Dans le monde entier, notamment en France, les médias sont très discrets, voire muets. C'est d'ailleurs une des raisons qui m'ont incitée à enquêter sur ce mouvement.  Pourtant, à Delhi, les correspondants se déplacent régulièrement prendre des nouvelles des grévistes. Les rédactions de presse, au siège, ne transmettraient donc pas les informations reçues ? Certains correspondants des grands quotidiens français m'avouent qu'il est fréquent que leurs articles en parution ne ressemblent plus vraiment à ceux qu'ils ont envoyés.

Quelques articles   paraissent néanmoins, en France, dans Le Monde, le 18 avril, ainsi que le 28 avril, lorsque trois des grévistes sont hospitalisés, de même dans Libération  le 27 avril. Ce n'est qu'à partir de l'immolation par le feu de Thupten Ngodup, que les médias en font vraiment écho.

À la télévision française, arte diffuse les images de Thupten Ngodup en brasier vivant, lors de son 8 et demi, le lundi soir 27 avril 98. Le quotidien Libération  consacre un article d'une demi-page, illustré de la photo tirée du film vidéo amateur. Le Monde diffuse également un article d'un tiers de page.
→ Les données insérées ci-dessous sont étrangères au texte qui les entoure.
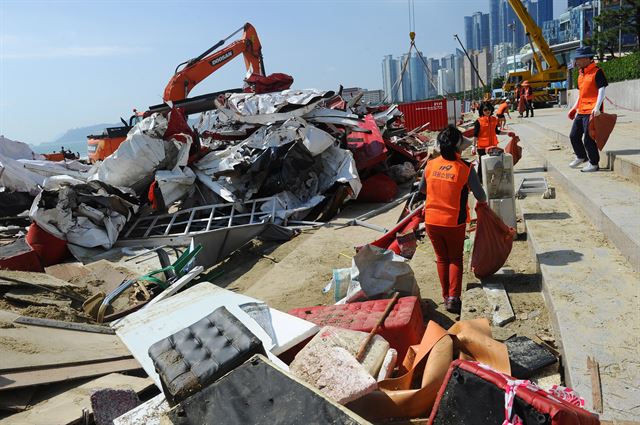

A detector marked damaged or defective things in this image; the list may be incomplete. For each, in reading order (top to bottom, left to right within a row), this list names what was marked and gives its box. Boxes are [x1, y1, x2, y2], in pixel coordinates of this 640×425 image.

broken wooden plank [14, 316, 115, 332]
broken wooden plank [0, 356, 141, 390]
broken wooden plank [0, 372, 154, 422]
broken wooden plank [588, 356, 604, 412] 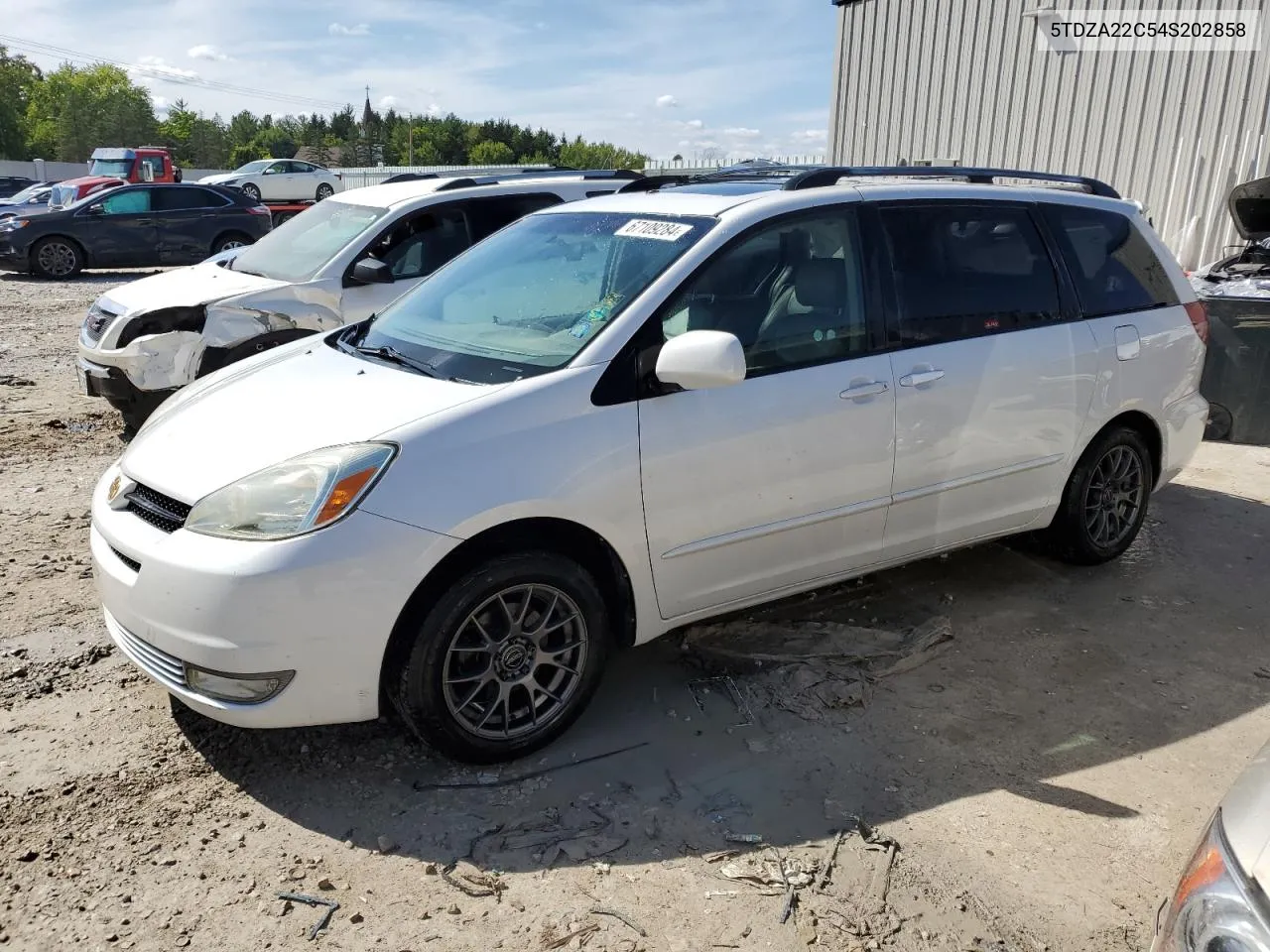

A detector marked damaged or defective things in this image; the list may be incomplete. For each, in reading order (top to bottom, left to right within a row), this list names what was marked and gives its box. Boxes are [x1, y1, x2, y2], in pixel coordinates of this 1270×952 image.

exposed headlight assembly [114, 306, 205, 347]
damaged white suv [73, 174, 640, 433]
exposed headlight assembly [184, 444, 396, 540]
exposed headlight assembly [1158, 812, 1270, 952] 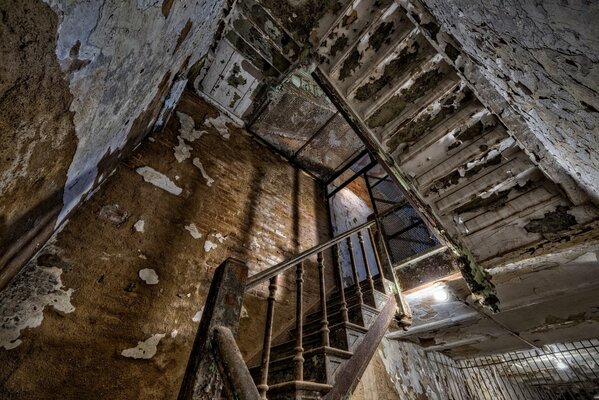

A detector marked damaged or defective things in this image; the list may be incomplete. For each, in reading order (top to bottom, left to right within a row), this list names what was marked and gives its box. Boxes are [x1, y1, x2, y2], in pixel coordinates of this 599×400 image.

peeling paint [137, 166, 182, 195]
broken plaster chunk [137, 166, 182, 196]
broken plaster chunk [193, 158, 214, 188]
broken plaster chunk [184, 223, 203, 239]
broken plaster chunk [139, 268, 159, 284]
peeling paint [120, 332, 165, 360]
broken plaster chunk [121, 332, 166, 360] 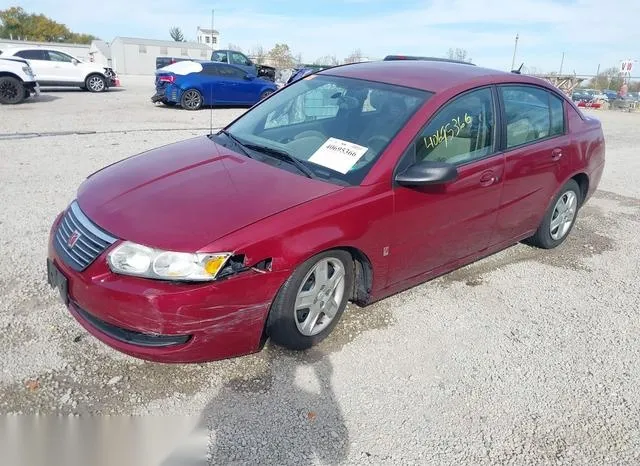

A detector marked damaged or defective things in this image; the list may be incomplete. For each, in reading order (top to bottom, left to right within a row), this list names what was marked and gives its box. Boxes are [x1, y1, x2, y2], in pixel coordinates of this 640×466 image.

damaged front bumper [47, 213, 290, 362] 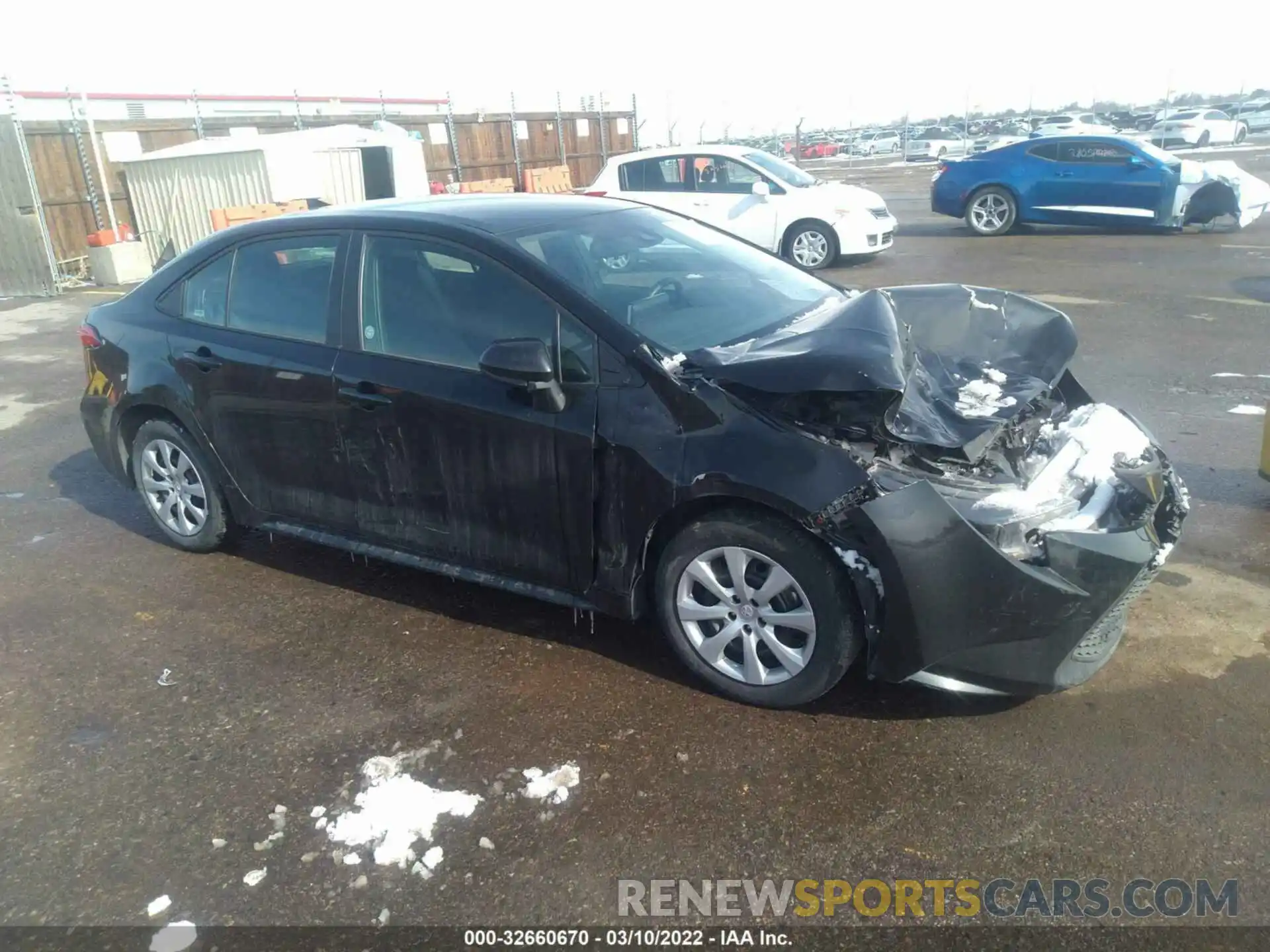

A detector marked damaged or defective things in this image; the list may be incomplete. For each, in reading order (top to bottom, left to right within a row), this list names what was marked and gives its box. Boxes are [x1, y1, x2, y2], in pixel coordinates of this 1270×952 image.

crumpled hood [681, 286, 1077, 452]
damaged front end of car [685, 286, 1189, 695]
La photo est également publiée dans la revue Entrevue, fin mai.
Cependant ces articles sont très (trop ?) objectifs,titrant :
"L'immolation d'un tibétain met en cause la stratégie de non-violence du dalaï-lama" (Le Monde, 2/05/98),
ou "Les réfugiés contestent la non-violence du dalaï-lama" (Libération, 3/05/98).
Voilà le risque de présenter un événement à travers une seule position. Les journalistes ont le tort de vouloir reprendre strictement la position bouddhiste du dalaï-lama sur ce suicide, sans relever que, même si lui, ne peut accepter cette violence, en tant que bouddhiste, cette forme de violence est aussi perçue comme un acte de sacrifice, très respectable. Quand les tibétains font ce genre d'action, ce n'est pas par contestation de la démarche du dalaï-lama, comme nous l'avons présenté plus haut. De telles erreurs créent ainsi une confusion, transmettant au monde entier exactement l'inverse de ce qui se passait à Delhi. Peut-être ces titres ont-ils été écrits par des secrétaires de rédaction de leur bureau à Paris, loin de la situation du terrain.


  2) Certains journaux osent

Presque tous les jours, les journaux indiens ,The Hindustan times, Asian Age, The Pioneer, Statesman, Times of India, The Tribune, The Indian express, informent du déroulement de la grève de la faim, ainsi que des visites. Suite à la venue de Richard Gere, acteur américain ardent défenseur médiatique de la cause tibétaine, de longs articles, illustrés de photos, sont consacrés aux tibétains. Les journalistes indiens n'hésitent pas à parler de l'oppression chinoise.
Un article de Time magazine du 20 avril 1998 titre : "Paying the ultimate price". Cet article décrit adroitement la situation, faisant parler le dalaï-lama ainsi que les tibétains.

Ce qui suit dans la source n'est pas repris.